What we care about at Follow Alice – besides our clients!

Jul 13, 2022
Reading time: 14 minutes

Every company stands for something, and at Follow Alice we want to stand with those who are trying to do adventure tourism right. In this post we talk about the four things (other than our clients) that we really care about as a company.

Sustainable tourism is a big, broad topic. And a very important one. At Follow Alice, it's something we talk about a lot. The reason is that we want to be involved in meaningful, responsible adventure tourism. As a group of travel enthusiasts, we want our company to succeed, but we also care about how we go about doing that. We care about the mark – figurative and literal – that we make on the world!

We want to offer an excellent travel operator service that is part of the solution, not the problem!
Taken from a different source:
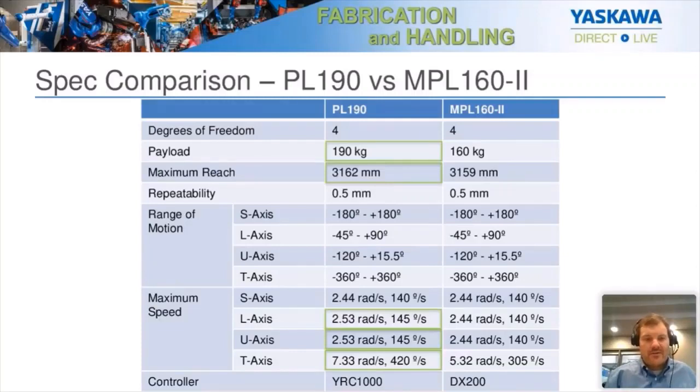Here's the spec comparison between the two robots. They're both four axes — we didn't change any of that. We increased the payload of the MPL-160 to 190 kilograms. It has ever so slightly more reach due to the revised geometry — three whole millimeters of increased reach. Repeatability stays the same, as does range of motion. The maximum speed of the S-axis is the same spec-wise, but as far as duty cycle goes it is faster due to increased acceleration. The L, U, and T axes are faster, and the controller changed to the new YRC-1000.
More specifically, at Follow Alice we want to ensure we're benefitting the local economy, and helping local entrepreneurs to succeed. We also want to ensure we're protecting the beautiful (and often fragile) places and wildlife we're encouraging people to visit.

Tash and Chris

Tash and Chris in Tanzania – we're an international team, but we try to get together regularly

How do we do that?

Well, first off, we have to say that we don't have all the answers. We're a growing company and are always open to improving and adapting our ideas and methods. That said, we're already making an effort in many ways, and hope to only feel prouder in the future of the further improvements we make to our business model.
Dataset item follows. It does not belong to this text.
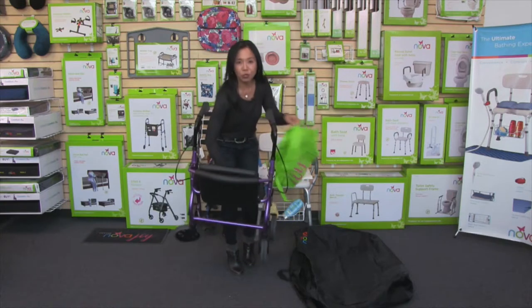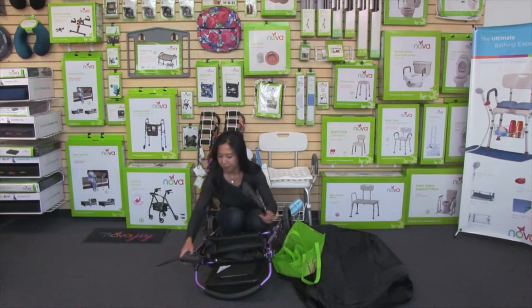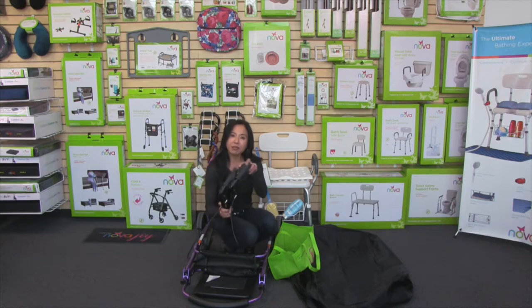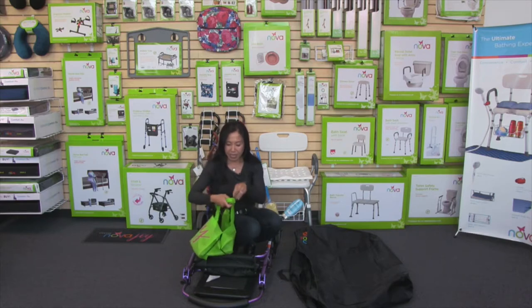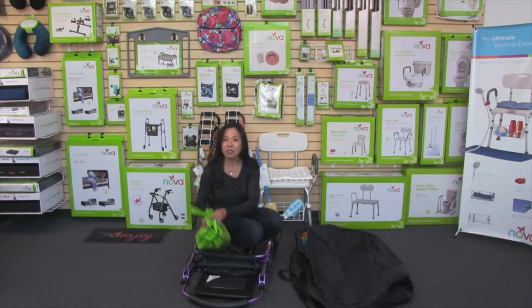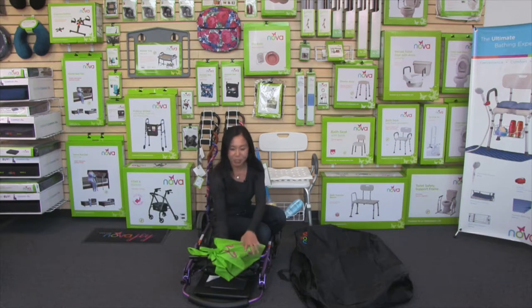Go ahead and fold your walker up and remove the handbrakes. Put the handbrake side into the grocery bag and tie it up to make sure it stays nice and secure. The purpose of this is so the handbrakes don't flop around and stay protected while in the travel bag.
So let's discuss sustainable (or responsible) tourism – what we think it involves, and how we're trying to be part of this important movement.

Adventure tourism often means visiting remote people and places, and raises the important question of whether you're benefitting or harming the communities and nature you visit.

Sri Lanka lagoon safari in Pottuvil

Exploring the many gems of Sri Lanka is one of our epic adventure trips

What we care about

We think there are four guiding questions with regards to responsible tourism that should inform our decisions as a travel operator:

  1. Do our services offer employment opportunities for local entrepreneurs?
  2. Does our business benefit the local community and economy?
  3. Do we help to protect – or at least not harm – the visited wildlife?
  4. Do we help to protect – or at least not harm – the visited environment?

Communities, animals, the environment ... sustainability and responsible tourism matter to us.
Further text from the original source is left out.